These are not directly protocol-related, but are likely to impact many developers, so we wanted to give a heads up on these.

Harassment Mitigations: additional controls and mechanisms to reduce the prevalence, visibility, and impact of abusive mentions and replies, particularly coming from newly created single-purpose or throw-away accounts. May expand on the existing thread-gating and reply-gating functionality.

Post Embeds: the ability to embed Bluesky posts in external public websites. Including oEmbed support. This has already shipped! See embed.bsky.app

Basic "Off-Protocol" Direct Messages (DMs): having some mechanism to privately contact other Bluesky accounts is the most requested product feature. We looked closely at alternatives like linking to external services, re-using an existing protocol like Matrix, or rushing out on-protocol encrypted DMs, but ultimately decided to launch a basic centralized system to take the time pressure off our team and make our user community happy. We intend to iterate and fully support E2EE DMs as part of atproto itself, without a centralized service, and will take the time to get the user experience, security, and privacy polished. This will be a distinct part of the protocol from the repository abstraction, which is only used for public content.

Better GIF and Video support: the first step is improving embeds from external platforms (like Tenor for GIFs, and YouTube for video). Both the post-creation flow and embed-view experience will be improved.

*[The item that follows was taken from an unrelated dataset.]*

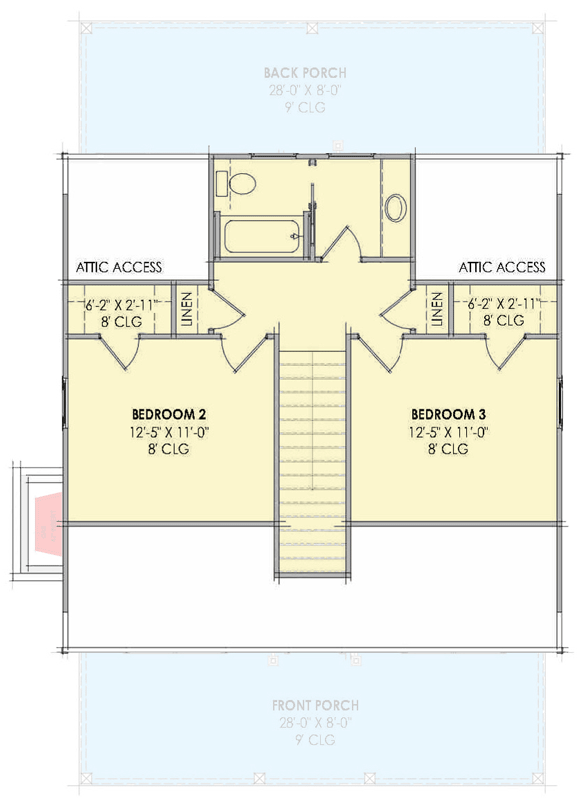Plan 818178JSS: Cottage-Style 3-Bed House Plan with Wide Porches - Floor Plan - 2nd Floor - Cottage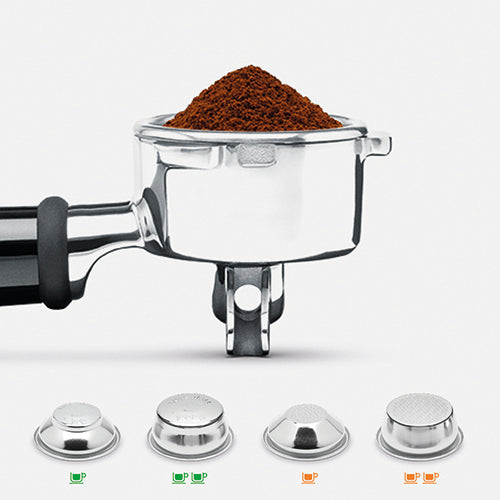 54 mm stainless steel portafilter delivers full flavour with dual and single wall filters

Feed Interaction Metrics: feed services currently have no feedback on how users are interacting with the content that they curate. There is no way for users to tell specific feeds that they want to see more or less of certain kinds of content, or whether they have already seen content. We are adding a new endpoint for clients to submit behavior metrics to feed generators as a feedback mechanism. This feedback will be most useful for personalized feeds, and less useful for topic or community-oriented feeds. It also raises privacy and efficiency concerns, so sending of this metadata will both be controlled by clients (optional), and will require feed generator opt-in in the feed declaration record.

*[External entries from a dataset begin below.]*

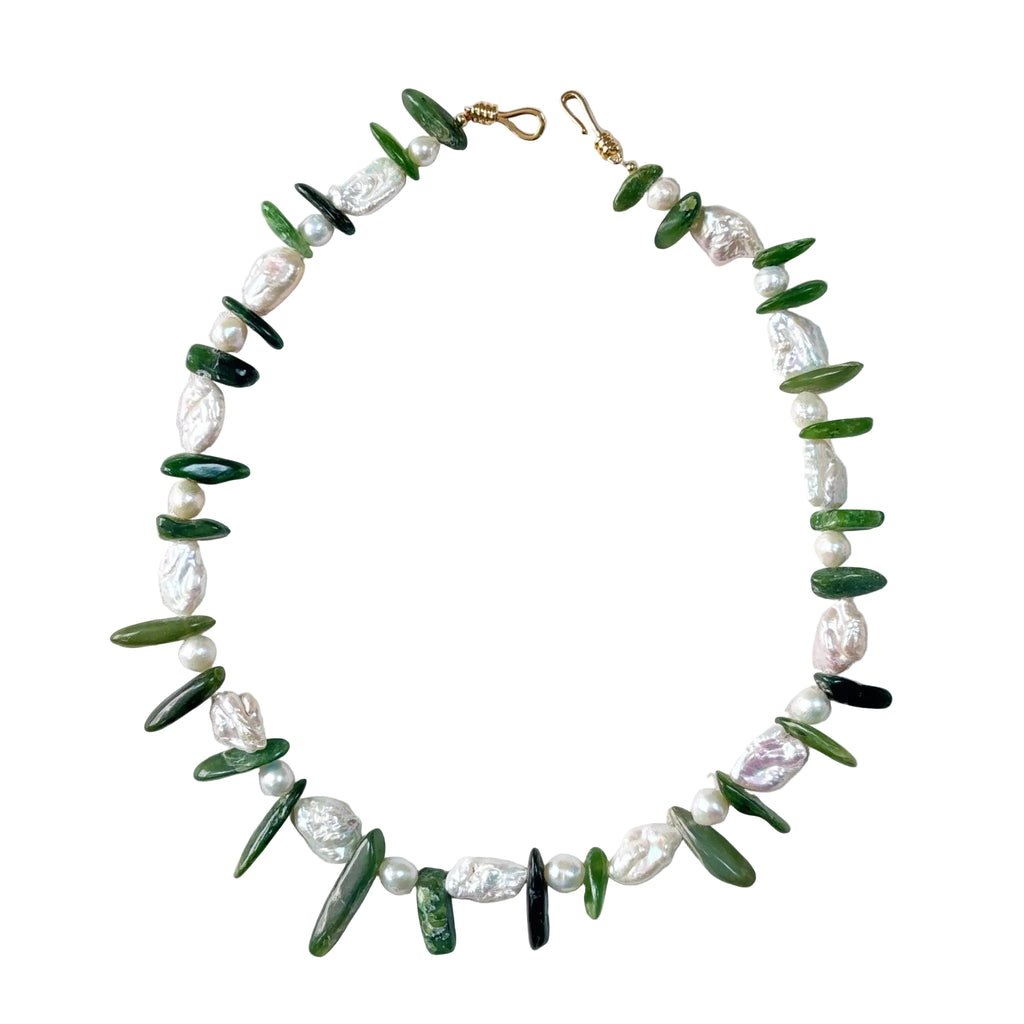 Tender Leaves Natural Stone & Freshwater Pearl Necklace
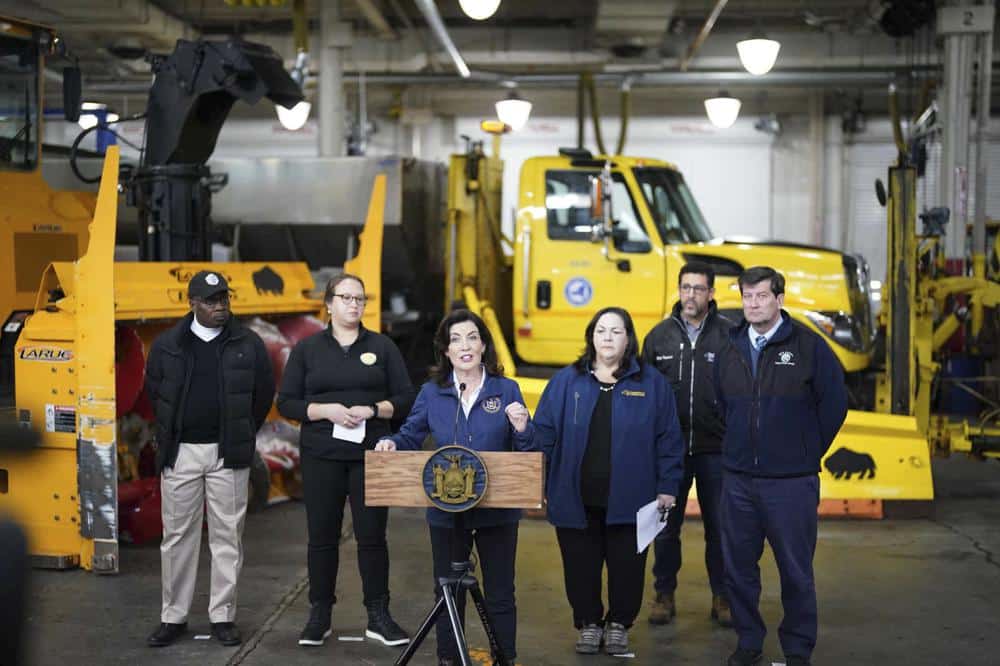 Gov. Kathy Hochul speaks during a briefing on preparations for the impending snowstorm that is expected to dump several feet of snow on the Western New York area beginning tonight at the New York State Thruway's Walden Garage in Cheektowaga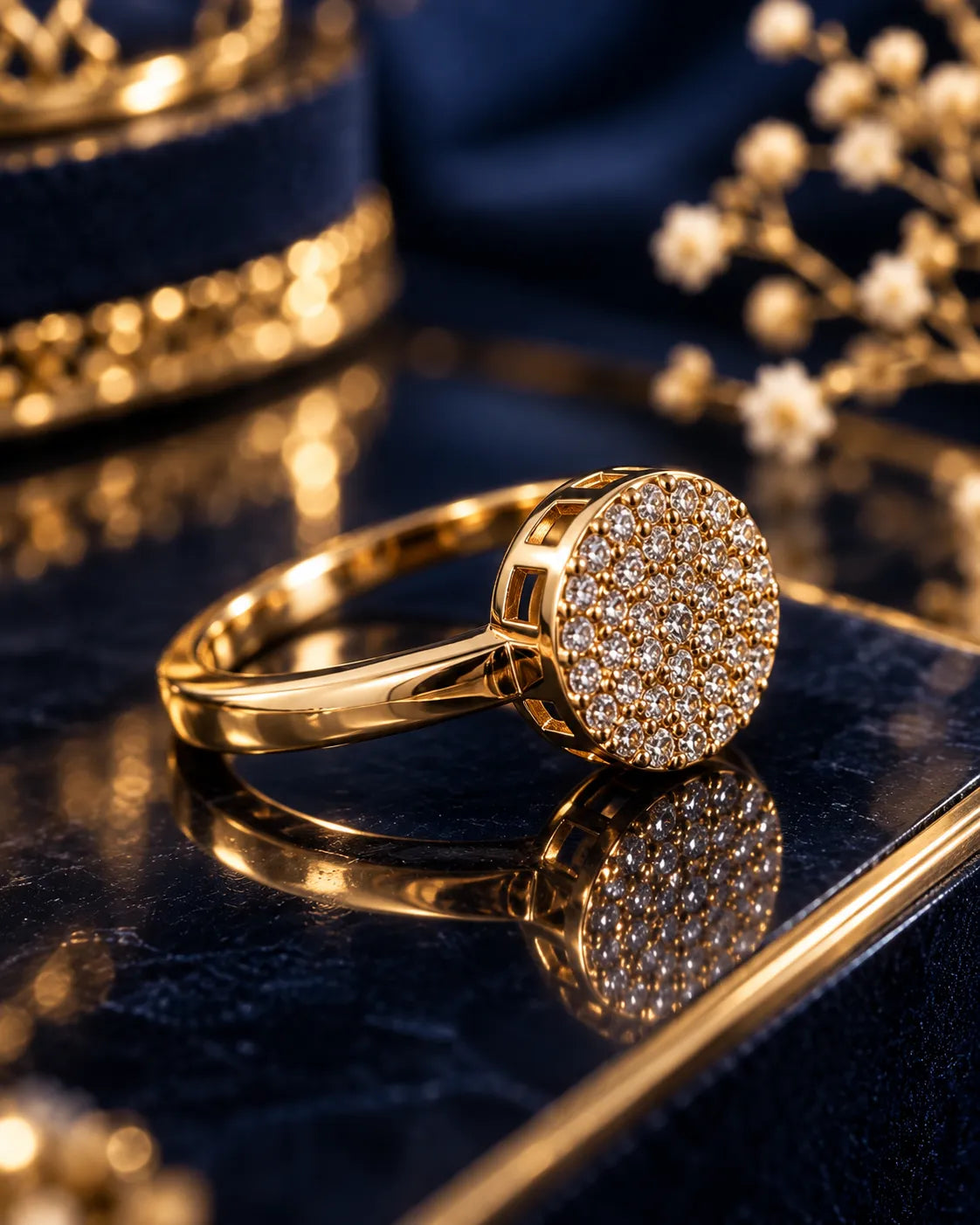 Round Pavé Crystal Gold-Tone Ring - close-up detail view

Topic/Community Feeds: one of the more common uses for feed generators is to categorize content by topic or community. These feeds are not personalized (they look the same to all users), are not particularly "algorithmic" (posts are either in the feed or not), and often have relatively clear inclusion criteria (though they may be additionally curated or filtered). We are exploring ways to make it easier to create, curate, and explore this type of feed.

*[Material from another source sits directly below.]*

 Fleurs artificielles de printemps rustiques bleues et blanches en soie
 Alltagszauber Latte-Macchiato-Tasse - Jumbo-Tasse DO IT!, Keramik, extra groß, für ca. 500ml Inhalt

User/Labeler Messaging: currently, independent moderators have no private mechanism to communicate with accounts which have reported content, or account which moderation actions have been taken against. All reports, including appeals, are uni-directional, and accounts have no record of the reports they have submitted. While Bluesky can send notification emails to accounts hosted on our own PDS instance, this does not work cross-provider with self-hosted PDS instances or independent labelers.

Protocol Stability Milestone

A lot of progress has been made in recent months on the parts of the protocol relevant to large-scale public conversation. The core concepts of autonomous identity (DIDs and handles), self-certifying data (repositories), content curation (feed generators), and stackable moderation (labelers) have now all been demonstrated on the live network.

While we will continue to make progress on additional objectives (see below), we feel we are approaching a milestone in development and stability of these components of the protocol. There are a few smaller tasks to resolve towards this milestone.

Takedowns: we have a written proposal for how content and account takedowns will work across different pieces of infrastructure in the network. Takedowns are a stronger intervention that complement the labeling system. Bluesky already has mechanisms to enact takedowns on our own infrastructure when needed, but there are some details of how inter-provider takedown requests are communicated.

Remaining Written Specifications: a few parts of the protocol have not been written up in the specifications at atproto.com.

Guidance on Building Apps and Integrations: while we hope the protocol will be adopted and built upon in unexpected ways, it would be helpful to have some basic pointers and advice on creating new applications and integrations. These will probably be informal tutorials and example code to start.

Account and Identity Firehose Events: while account and identity state are authoritatively managed across the DID, DNS, and PDS systems, it is efficient and helpful for changes to this state to be broadcast over the repository event stream ("firehose"). The semantics and behavior of the existing #identity event type will be updated and clarified, and an additional #account event type will be added to communicate PDS account deletion and takedown state to downstream services (Relay, and on to AppView, feed generator, labelers, etc). Downstream services might still need to resolve state from an authoritative source after being notified on the firehose.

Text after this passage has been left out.